Dataface Tasks

Compare question bundle variants for text-to-SQL evals

IDMCP_ANALYST_AGENT-COMPARE_QUESTION_BUNDLE_VARIANTS_FOR_TEXT_TO_SQL_EVALS
Statusnot_started
Priorityp1
Milestonem3-public-launch
Ownerdata-ai-engineer-architect

Problem

Once the first retrieval-vs-full-context comparison exists, the next question is not just "does narrowing help?" but "which parts of the narrowed bundle help?" If we do not separate bundle ingredients, later retrieval work will become guesswork.

We need an experiment that compares different bundle shapes and additions so the team can learn whether SQL quality benefits more from:

  • relationship edges
  • value hints
  • planner-oriented summaries
  • richer explanations of why a table was included

Context

The M2 retrieval work already introduces:

  • a searchable schema corpus
  • a question-scoped bundle path
  • a direct bundle-vs-full-context A/B task

That provides the baseline needed for a more structured follow-up experiment. This task should not become a giant factorial sweep. It should compare a small number of interpretable bundle variants using the same benchmark slice and same generation configuration.

Possible Solutions

  1. Recommended: run a small controlled bundle-variant matrix against the same benchmark slice. Compare the full-context baseline and the default bundle against a few targeted variants such as bundle + relationships, bundle + value hints, and bundle + plan hints.

Why this is recommended:

  • isolates the value of specific context ingredients
  • keeps the results easy to explain
  • directly informs which retrieval follow-ups are worth implementing
  1. Change bundle structure ad hoc and rely on intuition.

Trade-off: faster initially, but poor learning. It becomes hard to tell which ingredient actually moved quality.

  1. Test many variants at once with a large experiment matrix.

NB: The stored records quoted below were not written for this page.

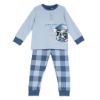 Изображение Пижама Chicco
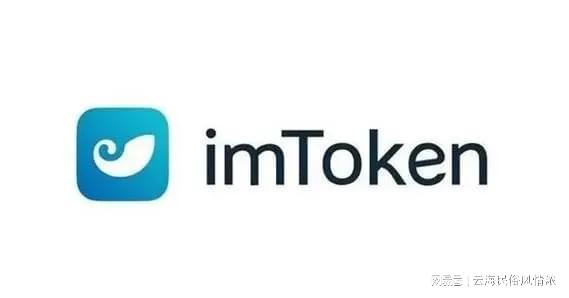 imtoken钱包官网-国际抖音tiktok官网入口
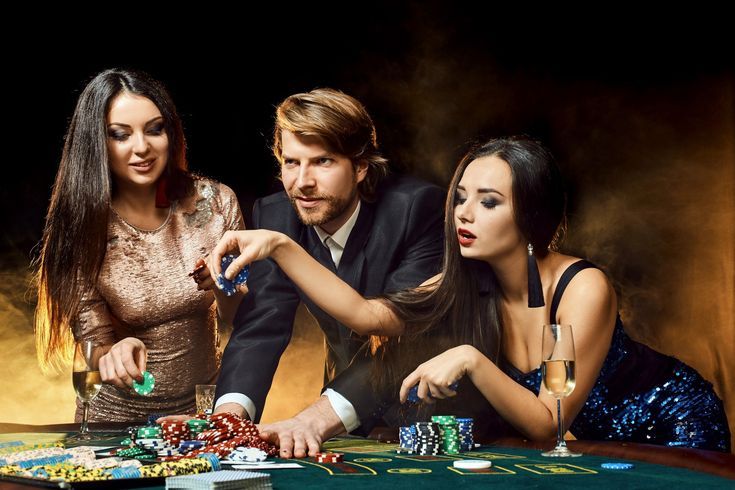 kruuna casino پاکستان ریئل منی گیمز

Trade-off: more complete, but too much noise for a first comparison. Start smaller.

Plan

  1. Pick a stable benchmark slice and lock model/judge/backend settings.
  2. Define a small variant set, likely: - full context - default bundle - bundle plus relationships - bundle plus value hints - bundle plus planner-oriented summaries
  3. Run each condition with the same prompt family and benchmark slice.
  4. Compare: - pass/equivalence/grounding metrics - prompt-size reduction - retrieval-side metrics when gold labels exist
  5. Summarize which bundle ingredients are worth keeping by default and which should remain optional or deferred.

Explicit anti-goals

  • no giant experiment wave
  • no model comparison drift during the bundle comparison
  • no search-speed work

Success criteria

  • the team can point to specific bundle ingredients that help or hurt
  • retrieval follow-up tasks become evidence-driven rather than speculative

Implementation Progress

Not started.

QA Exploration

  • [x] QA exploration completed (or N/A for non-UI tasks)

N/A - eval comparison task.

Review Feedback

No review feedback yet.

  • [ ] Review cleared